# YOUR ASSIGNMENT
Your answer must be an exact copy of the records below, minus the pictures.
§ §
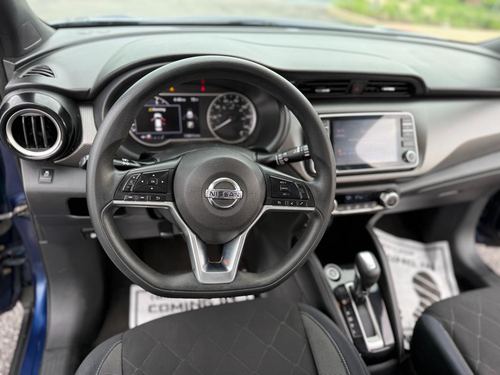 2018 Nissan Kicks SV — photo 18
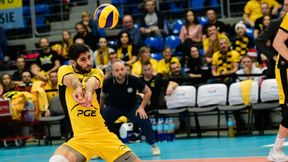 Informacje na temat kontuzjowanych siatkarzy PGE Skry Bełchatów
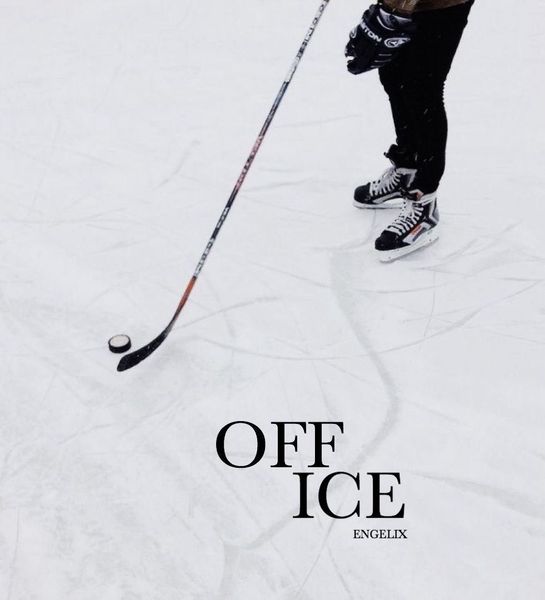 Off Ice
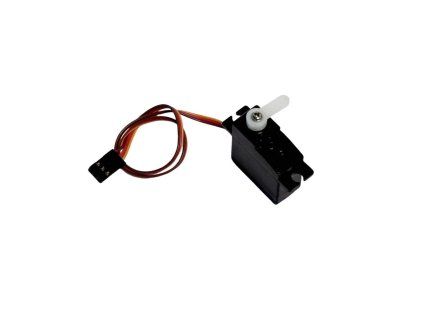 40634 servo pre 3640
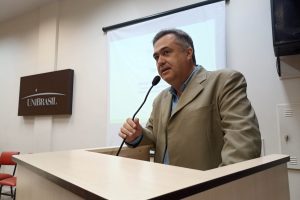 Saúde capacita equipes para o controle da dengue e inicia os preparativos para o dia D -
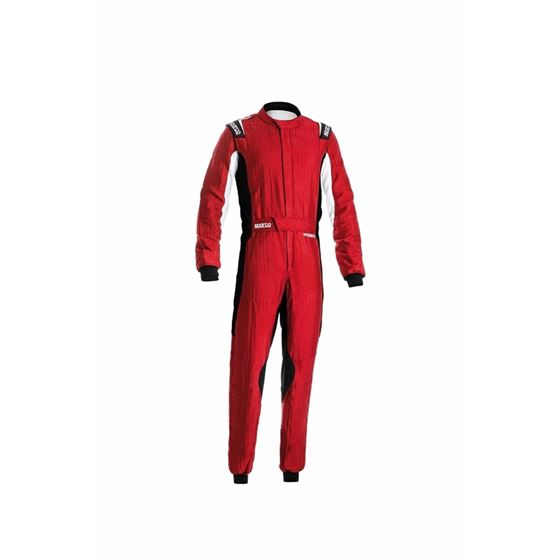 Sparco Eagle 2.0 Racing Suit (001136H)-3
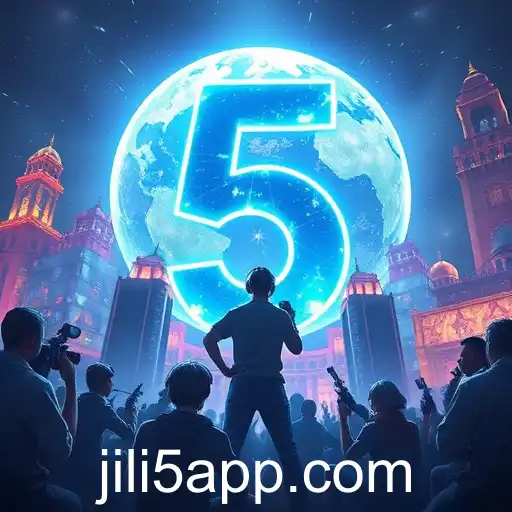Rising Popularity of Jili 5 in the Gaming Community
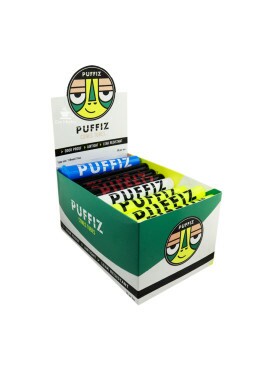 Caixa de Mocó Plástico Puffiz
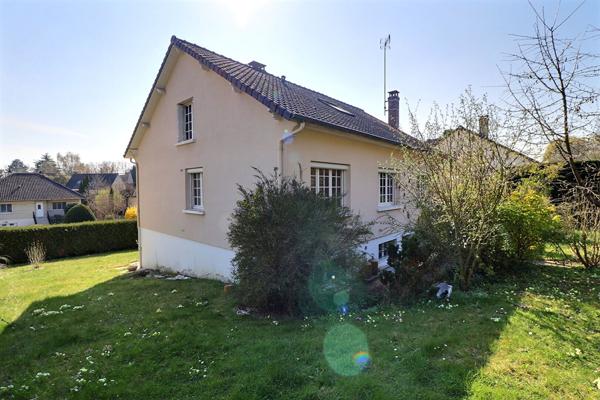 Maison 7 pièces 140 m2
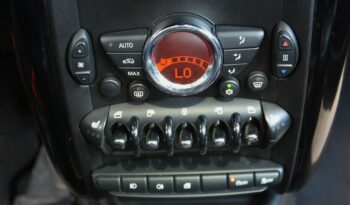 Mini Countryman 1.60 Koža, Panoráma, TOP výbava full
§ §
# ANSWER SECTION
 2018 Nissan Kicks SV — photo 18
 Informacje na temat kontuzjowanych siatkarzy PGE Skry Bełchatów
 Off Ice
 40634 servo pre 3640
 Saúde capacita equipes para o controle da dengue e inicia os preparativos para o dia D -
 Sparco Eagle 2.0 Racing Suit (001136H)-3
Rising Popularity of Jili 5 in the Gaming Community
 Caixa de Mocó Plástico Puffiz
 Maison 7 pièces 140 m2
 Mini Countryman 1.60 Koža, Panoráma, TOP výbava full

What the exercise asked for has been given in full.